Era ancora bruma mattutina che dissolve contorni l’anelito di infinito che riposava in lui. Era appena un respiro quando a 34 anni raggiunse Napoli.
Fu chiamato da Gianmatteo D’Aversa, generale degli Olivetani, congregazione benedettina, che a Napoli reggeva quello che ora è conosciuto come il monastero di Sant’Anna dei Lombardi nell’autunno del 1544.
Il palazzo degli Uffizi e gli affreschi della cupola del Brunelleschi sarebbero venuti in seguito. A Napoli Giorgio Vasari avrebbe dovuto affrescare il refettorio dei padri olivetani, poi diventato sagrestia, ma ben presto si pentì di aver accettato il lavoro. Troppo basse le volte, troppo buia la stanza. Non c’era nulla di quella modernità che lui cercava e ricreava. Fu convinto a restare e dal suo ingegno di pittore sì, ma anche di architetto iniziò a risagonare il tetto, a limare le volte, a stuccare l’intero refettorio, aiutato dalla pietra di tufo che facilmente si modellava sotto le sue mani. Dipinse tutto di un bianco accecante e così portò la luce. La sua luce. Realizzò un ciclo pittorico in tre campate, realizzò una volta celeste con tutte le 48 costellazioni che Tolomeo tracciò nel suo Almagesto. Le alternò con le otto virtù. Dedicò le tre volta alla religione, all’eternità e alla fede. Ispirandosi, nel compimento dell’opera intera alla Cappella Sistina di Michelangelo. Aiutato nei lavori da Raffaellino del Colle, allievo di Raffaello, e da Stefano Veltroni, suo cugino.
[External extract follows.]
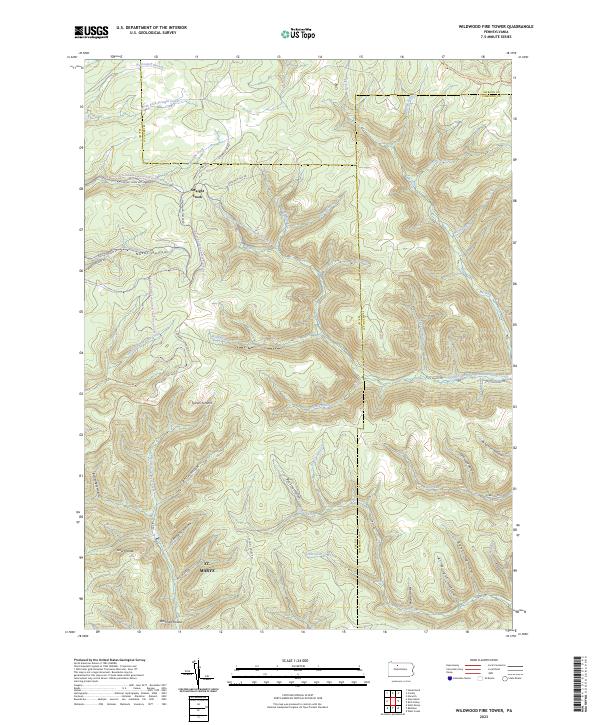 Wildwood Fire Tower, PA — USGS 7.5-minute topo (2023)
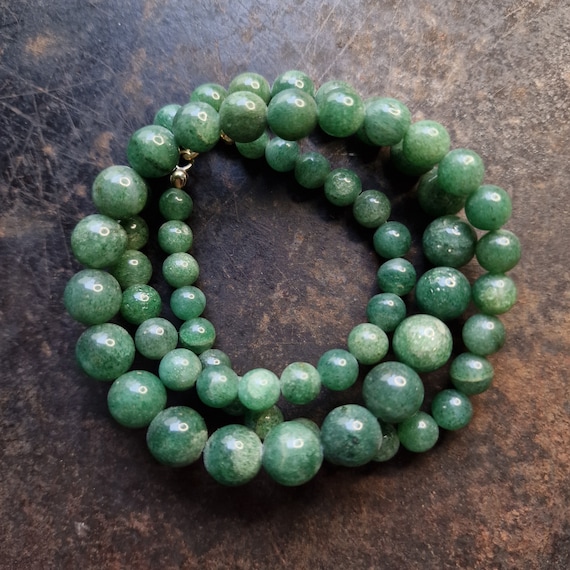 Vintage Long Aventurine Necklace, Ball Chain, Natural Stone, True Vintage, Gradient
Realizzò il suo capolavoro che è stupore e incanto.
Con la geometria perfetta di ottagoni, triangoli, rettangoli, cerchi e ovali, misura spazi che altrimenti sarebbero infiniti. Il bianco cede il passo all’oro e al blu che delimitano la bellezza sconfinata delle immagini del Vasari.
E le volte, quelle stesse volte che lui inizialmente definì opprimenti innalzano al cielo lo sguardo ben oltre il limite della pietra. Perdersi per poi ritrovarsi nella perfezione di ogni singolo tassello.
La cura, la bellezza, la poesia, la luce. Un respiro più ampio, un’aria più fresca, tutto un continuo rimando nel tentativo vano di contenere l’incontenibile, il vaso trabocca, non sono i mali del mondo, ma tutto ciò che di bello e puro e grande è possibile immaginare.
La speranza, in questo vaso non attende, trabocca e avvolge tutto. Gli occhi di chi steso sul freddo pavimento in marmo osserva il cielo del Vasari, non riescono a chiudersi, osservano ogni immagine, nel tentativo anch’esso vano di essere in grado un giorno di raccontare quanto visto. Di aver parole per descrivere l’ombra di Dio sull’universo.